Looking back at the top ten most popular posts for the period 2014-2022, I am struck by the top three: Jean Maguire’s announcement that the legendary Boston Transcript genealogical column (1911-41) was now available online, and Penny Stratton’s twin posts on elements of style: how not to make words plural, and how to feature dates in genealogical works. These three posts, from 2015 and 2016, account for about 77,000 page views, and no doubt they have driven traffic to other posts over the years.
Two posts by Chris Child come next, focused on names in the news: the maternal family of Meghan Markle, as she was about to marry Prince Harry (in 2018), and the ancestry of Robin Williams following his death in 2014. These posts account for about 30,000 page views.
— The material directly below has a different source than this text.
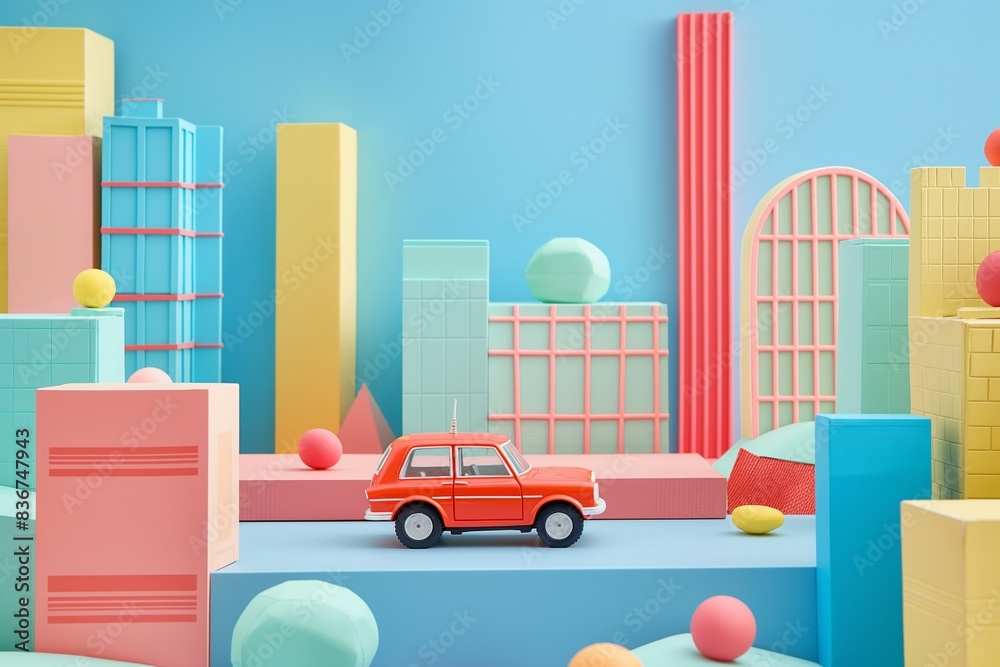 Obraz premium A vibrant and playful miniaturized cityscape with buildings and a red toy car on a road against a blue background.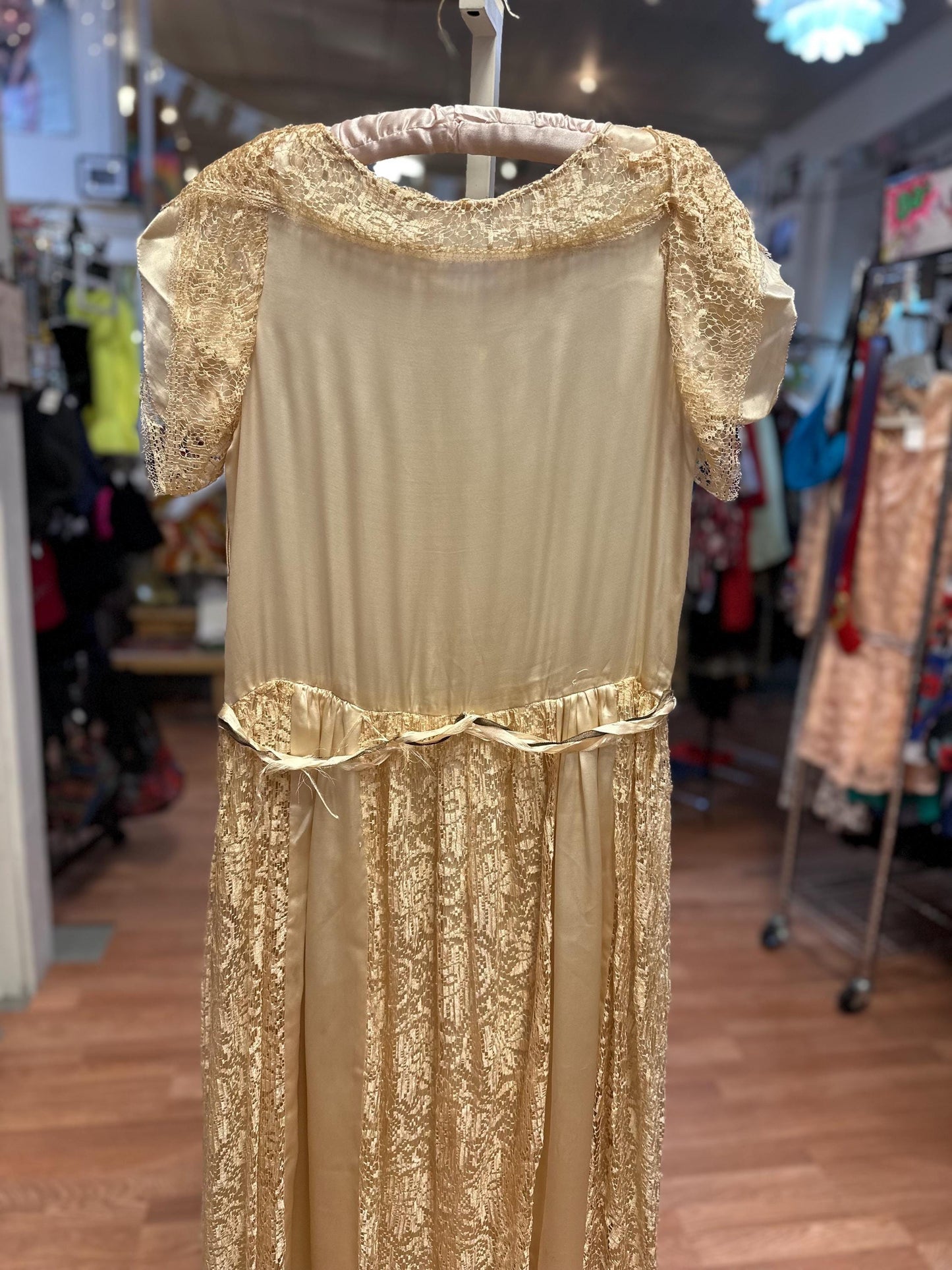 Antique Edwardian or early 1920's Vintage Silk Satin and Lace Drop Waist Flapper Wedding Dress AS IS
So the top ten posts have reached 150,000 or so readers over the years, leaving another 2,850,000 distributed between 1,764 posts. How can we measure the value of those posts in the middle or at the tail end of the queue, reached, perhaps, by a Google search or a random result on Facebook?
While breaking news has not been as paramount as seemed likely when the blog launched, notes on results – and accounts of strategies and intuitions that failed as often as they succeeded – have given readers hints and suggestions on how to tackle intractable research problems. Patience is a frequent mantra, but so, too, is a careful marshaling of facts on hand when considering a new online database, or – as presently seems exotic – an in-person visit to a new repository!
Which Vita Brevis posts – individual ones, or unfolding series – have you found useful?